28. The medical device of claim 27 wherein the polymer undercoat layer comprises a polyurethane.

29. The medical device of claim 27 which is an implantable device.

30. The medical device of claim 27 which is an extracorporeal device.

31. The medical device of claim 27 selected from the group consisting of a stent, stent graft, anastomotic connector, lead, needle, guide wire, catheter, sensor, surgical instrument, angioplasty balloon, wound drain, shunt, tubing, urethral insert, pellet, implant, blood oxygenator, pump, vascular graft, valve, pacemaker, orthopedic device, replacement device for nucleus pulposus, and intraocular lense.

32. The medical device of claim 27 wherein the active agent is hydrophobic and has a molecular weight of no greater than about 1200 g/mol.

33. The medical device of claim 27 wherein delivery of the active agent occurs predominantly under permeation control.

34. A stent comprising:

a substrate surface;

a polymeric undercoat layer adhered to the substrate surface; and

a polymeric top coat layer adhered to the undercoat layer;

35. The stent of claim 34 wherein the active agent is hydrophobic and has a molecular weight of no greater than about 1200 g/mol.

36. The medical device of claim 34 wherein delivery of the active agent occurs predominantly under permeation control.

37. A method for delivering an active agent to a subject, the method comprising:

providing an active agent delivery system comprising an active agent and a miscible polymer blend comprising a hydrophobic cellulose derivative and a polyvinyl homopolymer or copolymer selected from the group consisting of a polyvinyl alkylate, a polyvinyl alkyl ether, a polyvinyl acetal, and combinations thereof; and

contacting the active agent delivery system with a bodily fluid, organ, or tissue of a subject.

38. The method of claim 37 wherein the active agent is incorporated within the miscible polymer blend.

39. The method of claim 38 wherein the active agent is incorporated within an inner matrix and the miscible polymer blend initially provides a barrier to permeation of the active agent.

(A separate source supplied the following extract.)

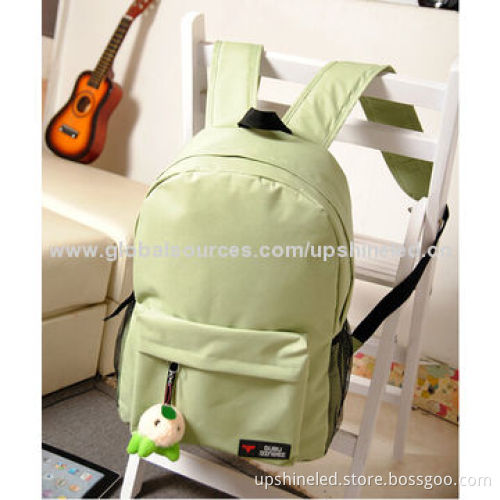 New style casual students' backpack, OEM and ODM services welcomed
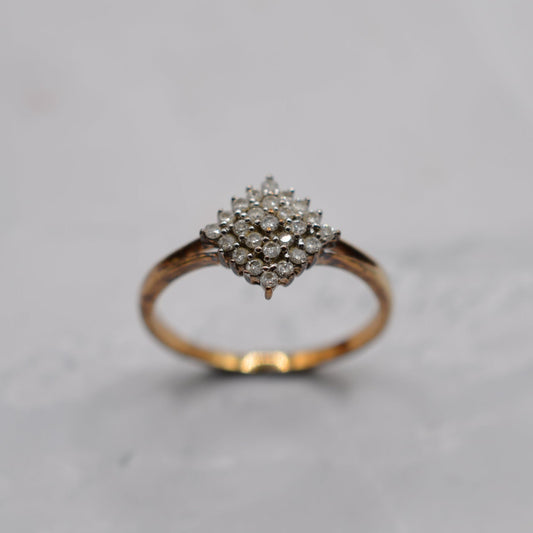 9ct Gold 0.25ct Diamond Cluster Ring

40. The method of claim 37 wherein the active agent is hydrophobic and has a molecular weight of no greater than about 1200 g/mol.

41. The method of claim 37 wherein delivery of the active agent occurs predominantly under permeation control.

42. A method of forming an active agent delivery system comprising:

combining a hydrophobic cellulose derivative and a polyvinyl homopolymer or copolymer to form a miscible polymer blend, wherein the polyvinyl homopolymer or copolymer is selected from the group consisting of a polyvinyl alkylate homopolymer or copolymer, a polyvinyl alkyl ether homopolymer or copolymer, a polyvinyl acetal homopolymer or copolymer, and combinations thereof; and

combining an active agent with the miscible polymer blend.

43. The method of claim 42 wherein the active agent is incorporated within the miscible polymer blend.

44. The method of claim 42 wherein the active agent is incorporated within an inner matrix and the miscible polymer blend initially provides a barrier to permeation of the active agent.

45. The method of claim 42 wherein the active agent is hydrophobic and has a molecular weight of no greater than about 1200 g/mol.